Vinsamlegast notið þetta auðkenni þegar þið vitnið til verksins eða tengið í það: http://hdl.handle.net/1946/8451
While writing this essay, my plan was to examine what songs were quoted in Gustav Mahler's symphonies, and how their lyrics might relate to present domestic events or if they showed signs of being inspired by his wife Alma. (I'll explain why I wanted to specifically examine his compositions from the time they were married and onwards in Chapter 1.) This plan, however, largely failed for the reason that his style changed after the Fourth Symphony was finished – shortly before they married – which brought with it that songs no longer played a large part of most of his symphonies composed since then. (Symphony 8 and Das Lied von der Erde being obvious exceptions.)

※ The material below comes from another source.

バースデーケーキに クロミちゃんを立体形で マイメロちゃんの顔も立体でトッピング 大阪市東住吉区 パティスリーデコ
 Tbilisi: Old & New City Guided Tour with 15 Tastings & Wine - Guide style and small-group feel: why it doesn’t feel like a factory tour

As a result, there wasn't much for me to base this essay on with regards to my original plan. Instead I started looking at what part of Gustav's output is attributed to the couple's life in general, and found a bit more. On the whole, though, I found that he didn't seem to let everyday concerns leave a mark on his compositions – besides unconfirmed rumours about the Eighth Symphony and the adagietto from the Fifth, there is really nothing of note related to Alma before the sketches for the Tenth Symphony.
I also found it relevant to relate some anecdotes regarding his manner as a conductor. It seems as if there was little that separated Gustav Mahler the husband from Gustav Mahler the conductor.